Что же эта была за мелодия?

Мари свернула к дому, шины мягко зашелестели по плитке. Повинуясь пульту, открылись двери, и «Mini» медленно скрылась в гараже. Мари вышла через боковую дверь, закрыла замок. Несколько минут постояла, глядя на темнеющий дом, и пошла вглубь участка. Мимо елок, дальше и дальше. Здесь, в стороне от посторонних глаз, рос огромный орех. Когда-то давным-давно этот орех был маленьким грецким орешком, сорванным в Грозном и контрабандой привезенным сюда, на другой конец света. Он прекрасно прижился, давал урожаи и уже давно не вызывал удивления у соседей.

Мари подошла к дереву, положила руки на ствол.
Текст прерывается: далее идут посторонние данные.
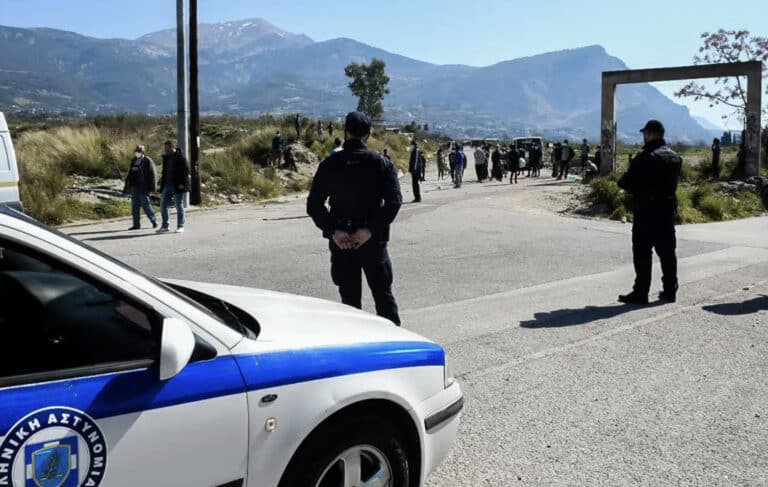 Καταιγίδα αντιδράσεων για το σενάριο πρόσληψης Ρομά στην ΕΛ.ΑΣ.: «Επόμενο βήμα να προσλάβουν πυρομανείς για εποχικούς πυροσβέστες»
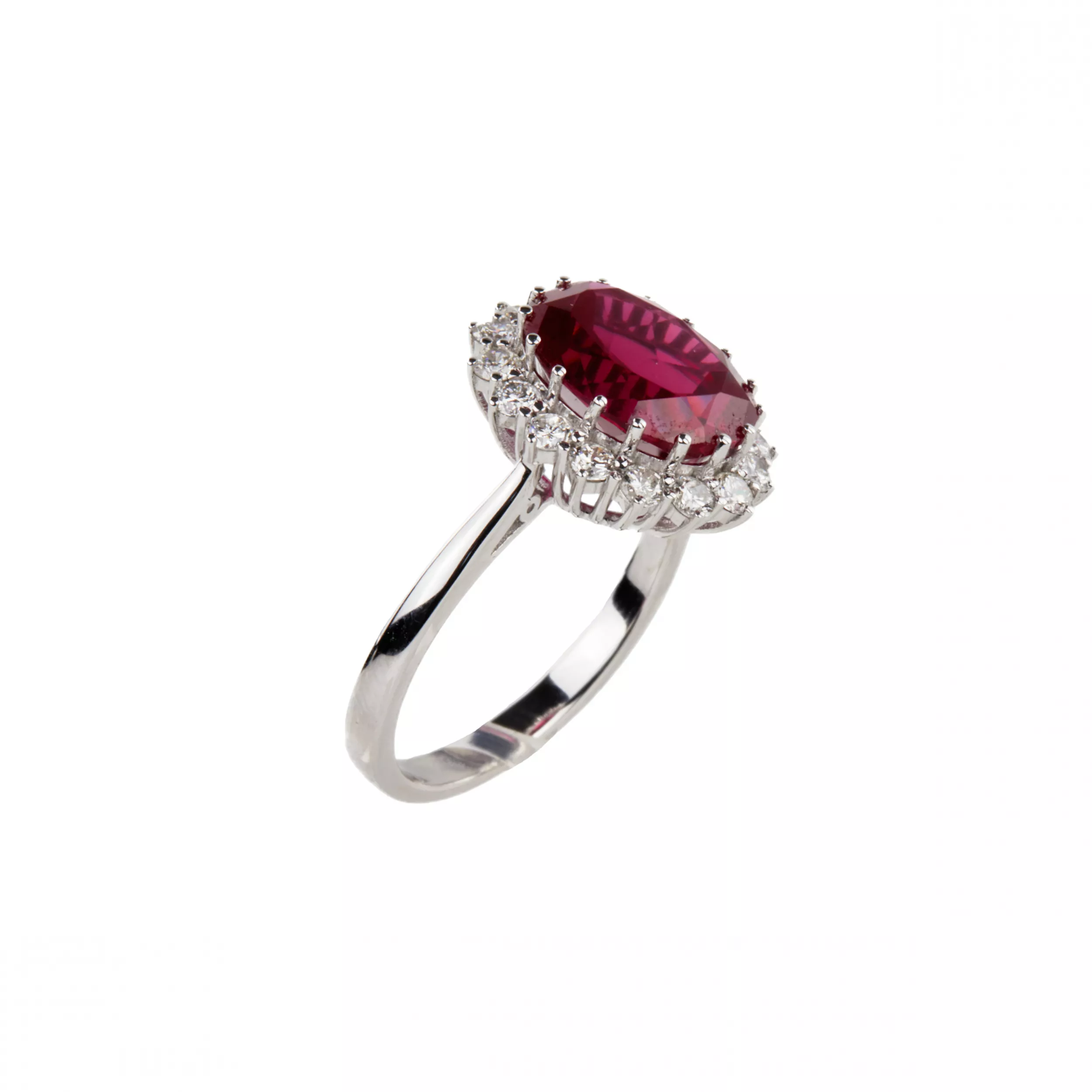 White gold ring with synthetic ruby and diamonds.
Орех узнал землячку, он всегда ее узнавал. По стволу пробежала легкая дрожь, и Мари, повинуясь неясному призыву, прислонилась к шершавой коре щекой. Орех замер, прислушиваясь, затем вновь легко задрожал, будто желая что-то сказать.

И она услышала.

Через тысячи километров, через бездну лет, она вновь услышала, казалось, давно забытое:

Michele ma belle,

These are words that go together well, my Michele,

Michele ma belle…

С каждым днем становится все теплее и на деревьях уже нетерпеливо распускаются первые листки. Все короче и короче ночи, все меньше времени горит свет в окнах домов. Но одно окно на последнем этаже обычной девятиэтажки не гаснет до утра.

Воронцов не замечает весны, он не видит почти ничего, кроме монитора. Стучат пальцы по клавиатуре, не обращая внимания на боль. А когда терпеть уже не остается сил, когда проклятые суставы мешают работе, Воронцов глотает очередную таблетку анальгина. Он у него рядом, под рукой – чтоб не тратить зря время. Анальгин и сигареты, сигареты и анальгин.

Он должен переписать рассказ, он должен сделать так, чтоб из него исчезла война. Пока этого ему не удавалось ни разу, война влезала в каждый его текст. Не хочет она уходить и сейчас, сопротивляется, выискивает лазейки, влезает в каждую щель. Воронцов возвращается и переделывает, возвращается и переделывает. Он знает, он уверен, что на этот раз вырвется из проклятой воронки… Война не коснется этого рассказа своей мерзкой лапой. Этого не будет. Он должен.

Ведь он обещал!

Он сможет!

И в это мгновенье его наконец-то отпустит война.